**EXERCISE INSTRUCTIONS:**
Every line of the listing below from the one with "丸成産業 貸借対照表 2009年12月期" up to and including the one with "The Chicken's Skin: What's" should be retyped exactly, and nothing else; pictures are not part of the copy.

**DATASET RECORDS:**

══════════

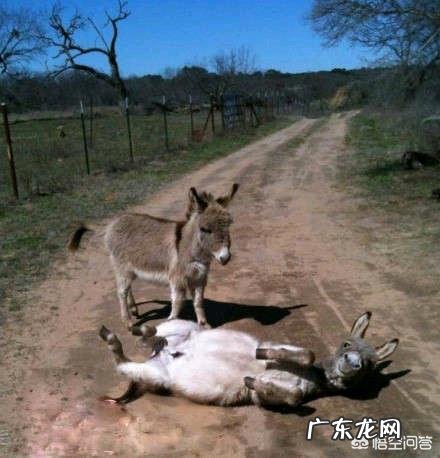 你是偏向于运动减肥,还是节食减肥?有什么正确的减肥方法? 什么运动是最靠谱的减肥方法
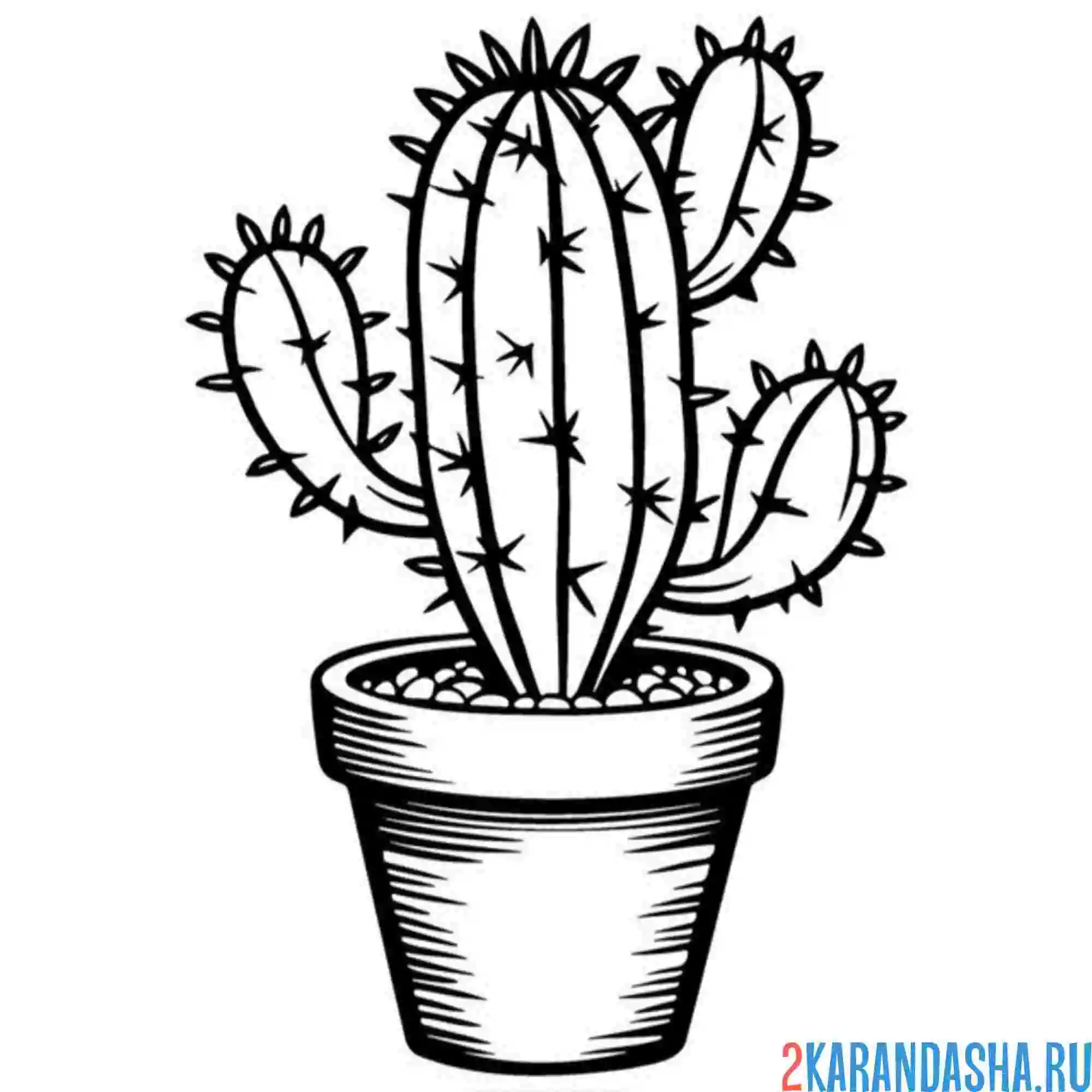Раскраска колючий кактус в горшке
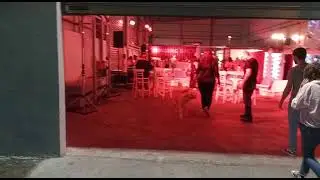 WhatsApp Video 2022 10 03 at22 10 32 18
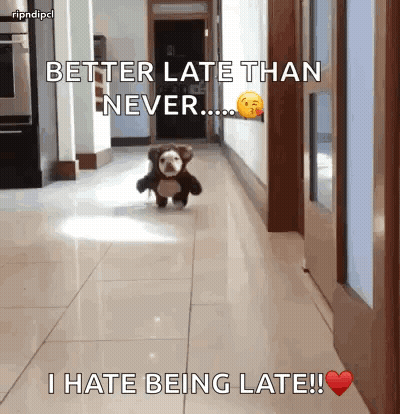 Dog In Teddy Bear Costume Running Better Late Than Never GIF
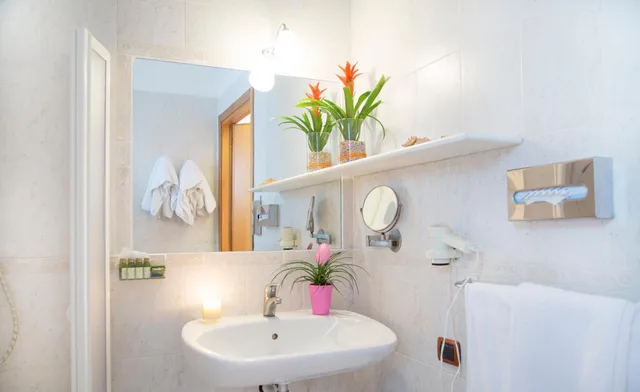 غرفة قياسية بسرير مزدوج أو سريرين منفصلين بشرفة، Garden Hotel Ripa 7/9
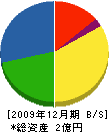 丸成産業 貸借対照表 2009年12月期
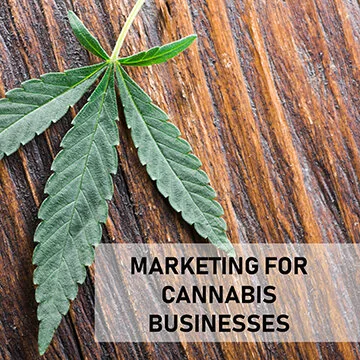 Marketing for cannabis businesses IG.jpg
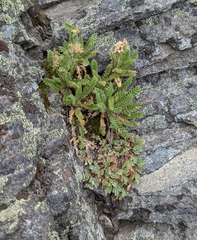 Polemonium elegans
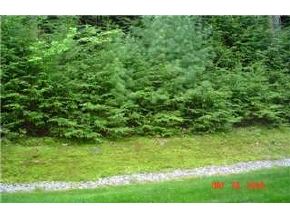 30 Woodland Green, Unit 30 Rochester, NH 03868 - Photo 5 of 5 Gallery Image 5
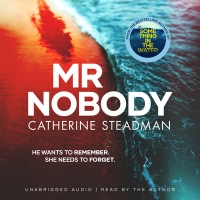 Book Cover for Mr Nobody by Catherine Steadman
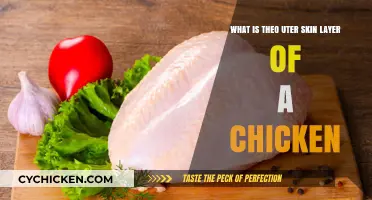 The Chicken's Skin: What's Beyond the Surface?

══════════

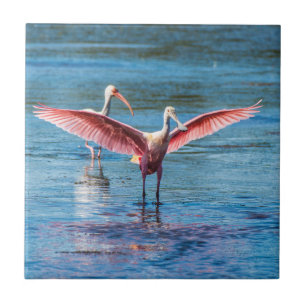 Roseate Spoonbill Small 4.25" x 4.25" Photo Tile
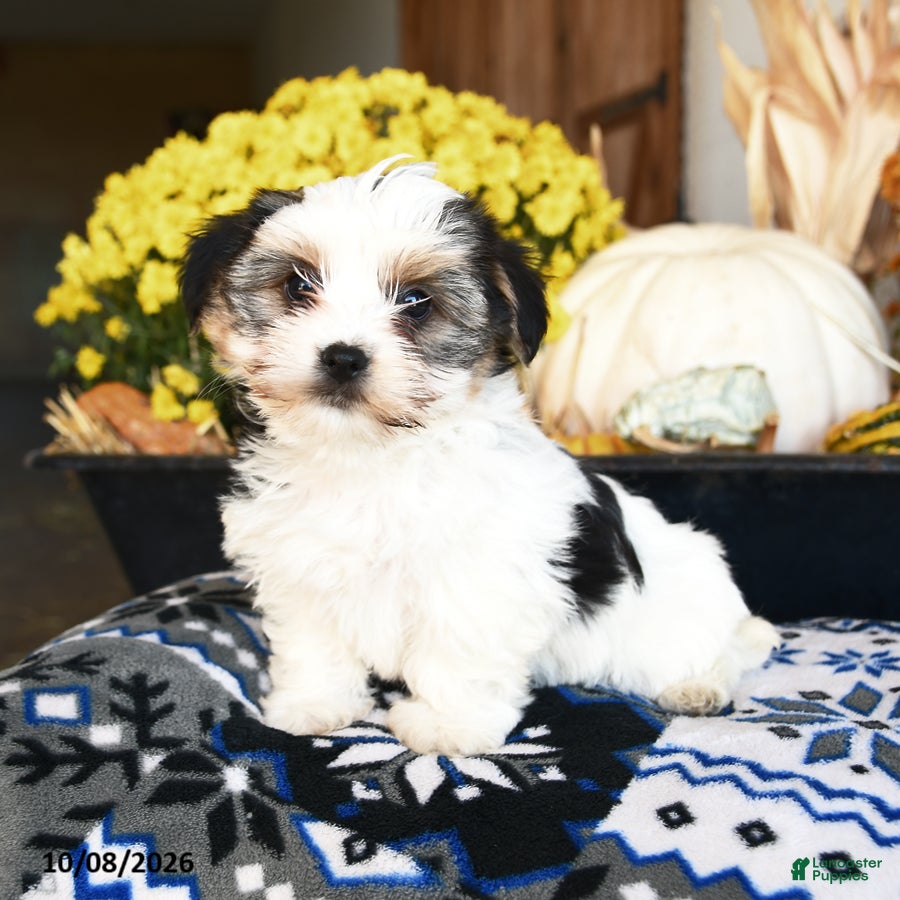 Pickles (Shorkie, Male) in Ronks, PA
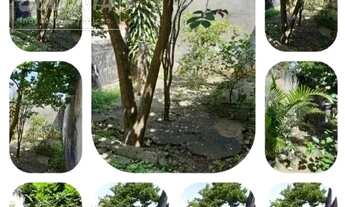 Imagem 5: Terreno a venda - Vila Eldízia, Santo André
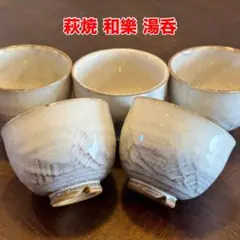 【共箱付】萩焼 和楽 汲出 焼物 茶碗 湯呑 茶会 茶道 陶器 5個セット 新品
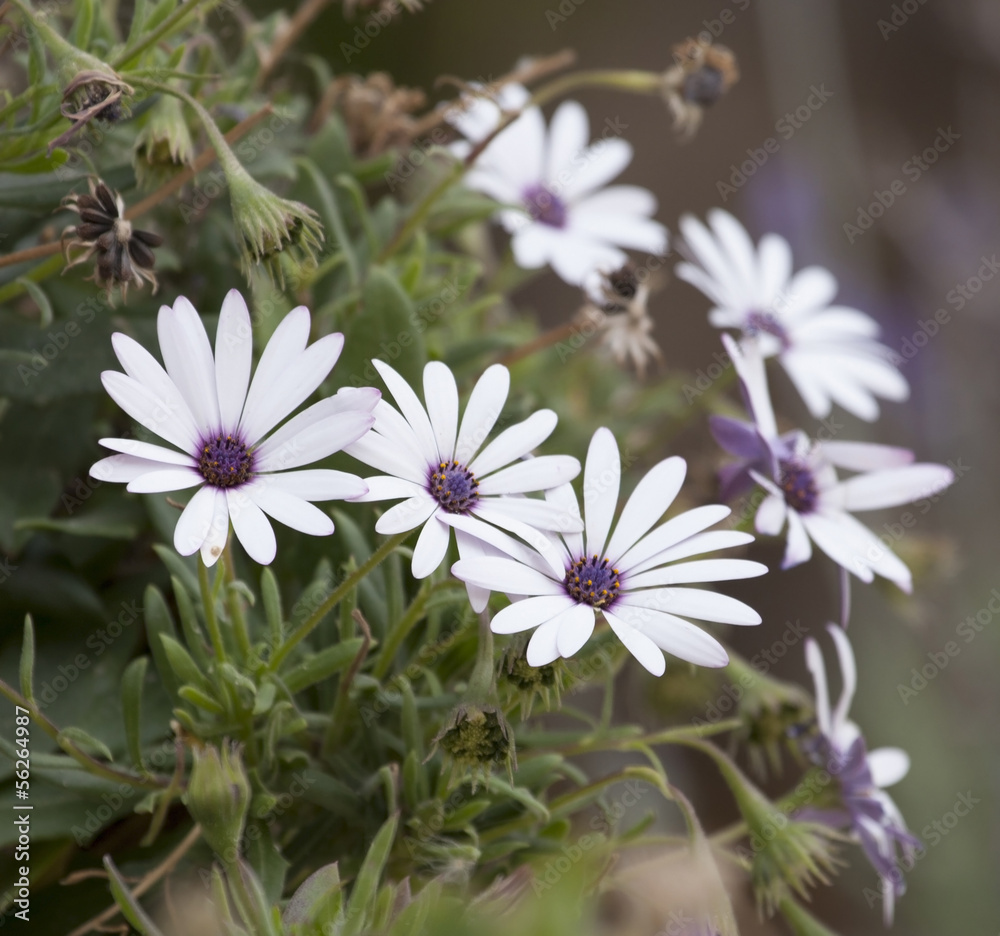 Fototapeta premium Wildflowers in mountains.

══════════

**RESULT:**
 丸成産業 貸借対照表 2009年12月期
 Marketing for cannabis businesses IG.jpg
 Polemonium elegans
 30 Woodland Green, Unit 30 Rochester, NH 03868 - Photo 5 of 5 Gallery Image 5
 Book Cover for Mr Nobody by Catherine Steadman
 The Chicken's Skin: What's Beyond the Surface?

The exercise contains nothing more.